Hematology Am Soc Hematol Educ Program. 2012;2012:208-14. doi: 10.1182/asheducation-2012.1.208.
Pregnancy poses a unique challenge to patients with sickle cell disease and β-thalassemia, who often have exacerbations of hemolysis or anemia during the gestational period, experience higher rates of obstetric and fetal complications, and may have distinct underlying comorbidities related to vasculopathy and iron overload that can endanger maternal health. Optimal management of pregnant women with hemoglobinopathies requires both an understanding of the physiologic demands of pregnancy and the pathophysiology of disease-specific complications of inherited blood disorders.
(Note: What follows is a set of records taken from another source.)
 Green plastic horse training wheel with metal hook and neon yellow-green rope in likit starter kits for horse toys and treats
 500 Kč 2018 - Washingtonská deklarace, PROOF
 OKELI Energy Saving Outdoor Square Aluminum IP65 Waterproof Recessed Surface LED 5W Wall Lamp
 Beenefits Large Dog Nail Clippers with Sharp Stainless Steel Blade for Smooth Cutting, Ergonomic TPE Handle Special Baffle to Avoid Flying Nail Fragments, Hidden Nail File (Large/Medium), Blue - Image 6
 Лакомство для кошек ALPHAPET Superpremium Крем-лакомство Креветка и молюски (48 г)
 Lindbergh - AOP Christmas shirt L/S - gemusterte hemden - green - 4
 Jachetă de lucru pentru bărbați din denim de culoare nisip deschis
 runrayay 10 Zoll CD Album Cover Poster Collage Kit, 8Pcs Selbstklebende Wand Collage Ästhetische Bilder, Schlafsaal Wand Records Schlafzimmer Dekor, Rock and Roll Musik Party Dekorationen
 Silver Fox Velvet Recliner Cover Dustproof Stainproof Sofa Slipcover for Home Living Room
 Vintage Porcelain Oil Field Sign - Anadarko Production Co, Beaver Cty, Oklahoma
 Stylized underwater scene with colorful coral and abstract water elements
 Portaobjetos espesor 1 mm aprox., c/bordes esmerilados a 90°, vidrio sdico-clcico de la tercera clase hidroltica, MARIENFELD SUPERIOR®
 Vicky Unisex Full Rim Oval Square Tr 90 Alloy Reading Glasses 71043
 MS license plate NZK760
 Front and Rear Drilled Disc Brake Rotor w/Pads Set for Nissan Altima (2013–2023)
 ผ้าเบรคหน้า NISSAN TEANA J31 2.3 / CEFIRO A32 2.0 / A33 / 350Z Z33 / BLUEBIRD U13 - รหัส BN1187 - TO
A multidisciplinary team of expert hematologists and high-risk obstetricians is therefore essential to ensuring appropriate antenatal maternal screening, adequate fetal surveillance, and early recognition of complications. Fortunately, with integrated and targeted care, most women with sickle cell disease and β-thalassemia can achieve successful pregnancy outcomes.
妊娠给镰状细胞病和β-地中海贫血患者带来了独特的挑战,这些患者在妊娠期往往会出现溶血或贫血加重,并且更易发生产科和胎儿并发症,还可能存在与血管病变和铁过载相关的独特合并症,从而危及母体健康。患有血红蛋白病的孕妇的最佳管理需要了解妊娠的生理需求和遗传性血液疾病特定并发症的病理生理学。因此,多学科专家血液科医生和高危产科医生团队对于确保适当的产前母体筛查、充分的胎儿监测以及早期识别并发症至关重要。幸运的是,通过综合和有针对性的护理,大多数镰状细胞病和β-地中海贫血患者都可以实现成功的妊娠结局。